Because petitioners have not substantiated the amounts of their claimed contributions nor shown that these contributions were made to a qualified tax-exempt organization, we conclude that they have failed to meet their burden of proof on the issue of deductibility. Therefore, we need not address the issue of whether any net earnings inured to the benefit of petitioners.
(2) Additions to Tax
Respondent has determined that petitioners are liable for additions to tax under section 6653(a). Section 6653(a)(1) provides for an addition to tax of five percent of any underpayment which is due to negligence or intentional disregard of rules or regulations. Section 6653(a)(2) provides for an addition to tax in an amount equal to 50 percent of the interest payable under section 6601 with respect to that portion of the underpayment due to negligence or intentional disregard of rules or regulations and for the period beginning on the last day prescribed by law for payment of the underpayment. See note 3, supra. Petitioners bear the burden of proof on this issue. Bixby v. Commissioner,58 T.C. 757, 791 (1972); Enoch v. Commissioner,57 T.C. 781, 802 (1972); Rule 142(a).

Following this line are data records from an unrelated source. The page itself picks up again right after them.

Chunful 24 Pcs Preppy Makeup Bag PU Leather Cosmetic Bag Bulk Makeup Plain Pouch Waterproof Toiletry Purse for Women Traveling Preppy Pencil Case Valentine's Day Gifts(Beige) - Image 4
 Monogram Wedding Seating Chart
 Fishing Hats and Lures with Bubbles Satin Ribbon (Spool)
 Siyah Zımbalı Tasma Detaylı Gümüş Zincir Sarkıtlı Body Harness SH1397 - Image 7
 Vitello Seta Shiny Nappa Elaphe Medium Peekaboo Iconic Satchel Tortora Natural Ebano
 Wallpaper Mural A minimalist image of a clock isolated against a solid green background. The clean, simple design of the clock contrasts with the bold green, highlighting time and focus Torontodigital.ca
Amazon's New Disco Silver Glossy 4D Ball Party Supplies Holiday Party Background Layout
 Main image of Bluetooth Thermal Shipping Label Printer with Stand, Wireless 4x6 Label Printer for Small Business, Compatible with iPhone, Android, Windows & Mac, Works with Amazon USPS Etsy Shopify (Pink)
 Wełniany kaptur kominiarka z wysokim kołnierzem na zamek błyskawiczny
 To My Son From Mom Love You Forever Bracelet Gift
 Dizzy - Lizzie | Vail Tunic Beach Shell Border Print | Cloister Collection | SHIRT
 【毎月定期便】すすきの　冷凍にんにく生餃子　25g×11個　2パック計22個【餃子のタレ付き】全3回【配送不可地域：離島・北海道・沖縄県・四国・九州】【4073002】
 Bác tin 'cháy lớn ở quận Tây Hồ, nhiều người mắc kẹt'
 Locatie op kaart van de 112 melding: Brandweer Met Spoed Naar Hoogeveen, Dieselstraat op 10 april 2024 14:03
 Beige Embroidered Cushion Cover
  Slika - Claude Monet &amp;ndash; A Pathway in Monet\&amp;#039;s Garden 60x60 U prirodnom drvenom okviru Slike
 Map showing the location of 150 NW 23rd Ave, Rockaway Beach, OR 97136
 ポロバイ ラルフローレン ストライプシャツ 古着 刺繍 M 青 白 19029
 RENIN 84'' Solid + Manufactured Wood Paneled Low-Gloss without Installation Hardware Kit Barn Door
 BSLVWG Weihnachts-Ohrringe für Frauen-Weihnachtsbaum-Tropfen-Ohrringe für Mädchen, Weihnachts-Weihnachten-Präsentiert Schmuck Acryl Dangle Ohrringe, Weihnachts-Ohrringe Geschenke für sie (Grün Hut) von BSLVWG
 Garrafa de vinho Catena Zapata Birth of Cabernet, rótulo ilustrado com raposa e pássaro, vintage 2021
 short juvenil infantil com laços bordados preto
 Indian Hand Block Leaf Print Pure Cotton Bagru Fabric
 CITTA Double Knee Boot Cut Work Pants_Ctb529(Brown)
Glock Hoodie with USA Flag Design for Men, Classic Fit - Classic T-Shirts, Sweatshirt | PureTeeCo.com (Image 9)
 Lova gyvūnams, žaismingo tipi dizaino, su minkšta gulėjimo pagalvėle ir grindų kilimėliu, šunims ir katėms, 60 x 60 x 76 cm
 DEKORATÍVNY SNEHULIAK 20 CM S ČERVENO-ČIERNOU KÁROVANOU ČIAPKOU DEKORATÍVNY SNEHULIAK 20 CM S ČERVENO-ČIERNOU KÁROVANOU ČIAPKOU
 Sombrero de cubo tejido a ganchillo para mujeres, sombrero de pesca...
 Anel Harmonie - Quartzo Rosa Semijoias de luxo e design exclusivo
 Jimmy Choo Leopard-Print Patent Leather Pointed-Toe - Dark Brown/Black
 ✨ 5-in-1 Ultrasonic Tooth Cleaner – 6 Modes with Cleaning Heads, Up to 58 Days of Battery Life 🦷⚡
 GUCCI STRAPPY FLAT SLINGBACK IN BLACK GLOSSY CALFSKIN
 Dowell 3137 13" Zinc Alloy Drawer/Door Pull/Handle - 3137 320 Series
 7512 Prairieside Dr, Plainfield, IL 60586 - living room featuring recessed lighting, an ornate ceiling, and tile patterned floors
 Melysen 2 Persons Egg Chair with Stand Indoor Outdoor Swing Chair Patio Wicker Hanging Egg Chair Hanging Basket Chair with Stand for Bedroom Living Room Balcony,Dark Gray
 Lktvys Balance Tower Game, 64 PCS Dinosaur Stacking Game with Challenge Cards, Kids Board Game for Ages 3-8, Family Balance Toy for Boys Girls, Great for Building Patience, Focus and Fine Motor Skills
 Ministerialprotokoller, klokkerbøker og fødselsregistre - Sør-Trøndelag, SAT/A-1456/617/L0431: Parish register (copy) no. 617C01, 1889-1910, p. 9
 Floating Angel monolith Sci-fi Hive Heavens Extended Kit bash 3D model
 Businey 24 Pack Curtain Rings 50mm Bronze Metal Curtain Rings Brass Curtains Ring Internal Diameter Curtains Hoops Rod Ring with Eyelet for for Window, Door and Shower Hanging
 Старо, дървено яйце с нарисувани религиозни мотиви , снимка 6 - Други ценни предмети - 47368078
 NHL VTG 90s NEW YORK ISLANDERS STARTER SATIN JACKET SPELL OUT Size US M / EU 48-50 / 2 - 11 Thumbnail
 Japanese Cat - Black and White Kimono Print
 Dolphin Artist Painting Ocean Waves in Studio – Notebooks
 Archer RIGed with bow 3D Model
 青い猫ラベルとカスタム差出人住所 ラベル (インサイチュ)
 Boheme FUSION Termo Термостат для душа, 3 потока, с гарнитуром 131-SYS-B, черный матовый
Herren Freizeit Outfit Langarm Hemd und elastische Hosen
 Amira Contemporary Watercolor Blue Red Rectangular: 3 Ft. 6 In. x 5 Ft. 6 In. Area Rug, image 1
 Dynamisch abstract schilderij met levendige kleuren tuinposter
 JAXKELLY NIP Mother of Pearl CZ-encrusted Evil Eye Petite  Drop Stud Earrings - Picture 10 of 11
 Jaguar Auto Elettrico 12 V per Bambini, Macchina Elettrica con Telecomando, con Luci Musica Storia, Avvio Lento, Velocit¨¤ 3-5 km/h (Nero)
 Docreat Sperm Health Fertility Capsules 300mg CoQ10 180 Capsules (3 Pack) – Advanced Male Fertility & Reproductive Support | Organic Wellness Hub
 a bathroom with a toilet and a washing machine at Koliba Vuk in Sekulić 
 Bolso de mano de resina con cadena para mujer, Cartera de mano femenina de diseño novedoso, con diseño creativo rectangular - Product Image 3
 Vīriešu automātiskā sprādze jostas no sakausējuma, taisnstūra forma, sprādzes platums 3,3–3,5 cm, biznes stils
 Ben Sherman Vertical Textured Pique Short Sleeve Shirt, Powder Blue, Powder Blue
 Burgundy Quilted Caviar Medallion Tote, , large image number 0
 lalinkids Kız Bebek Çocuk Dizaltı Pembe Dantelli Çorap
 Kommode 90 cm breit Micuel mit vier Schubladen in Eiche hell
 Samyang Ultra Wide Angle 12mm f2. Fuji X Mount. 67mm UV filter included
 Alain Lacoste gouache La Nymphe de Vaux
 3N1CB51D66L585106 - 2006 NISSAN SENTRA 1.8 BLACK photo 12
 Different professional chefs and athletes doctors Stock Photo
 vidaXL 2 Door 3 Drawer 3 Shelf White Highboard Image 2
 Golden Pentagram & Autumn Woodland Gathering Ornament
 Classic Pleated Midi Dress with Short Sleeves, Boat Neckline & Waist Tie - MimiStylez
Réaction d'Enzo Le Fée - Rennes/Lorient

Petitioners introduced no evidence showing that their underpayment was not due to negligence or intentional disregard of rules and regulations. Petitioners' testimony that they stopped donating to the church in 1982 "because of the tax problems with the IRS" has no bearing on the years in issue here. We conclude that petitioners' underpayment of tax was due to negligence or intentional disregard of rules and regulations. Accordingly, we sustain respondent's determination with respect to the additions to tax under section 6653(a)(1). We also conclude, for purposes of the addition to tax under section 6653(a)(2), that all of petitioners' underpayment for 1981 was attributable to negligence or intentional disregard of rules and regulations.
We must next decide whether respondent's motion seeking damages under section 6673 should be granted. 10 We have considered the record in this particular case, and exercising our discretion, we have determined that damages pursuant to section 6673 will not be awarded in these proceedings.
Decision will be entered for the respondent.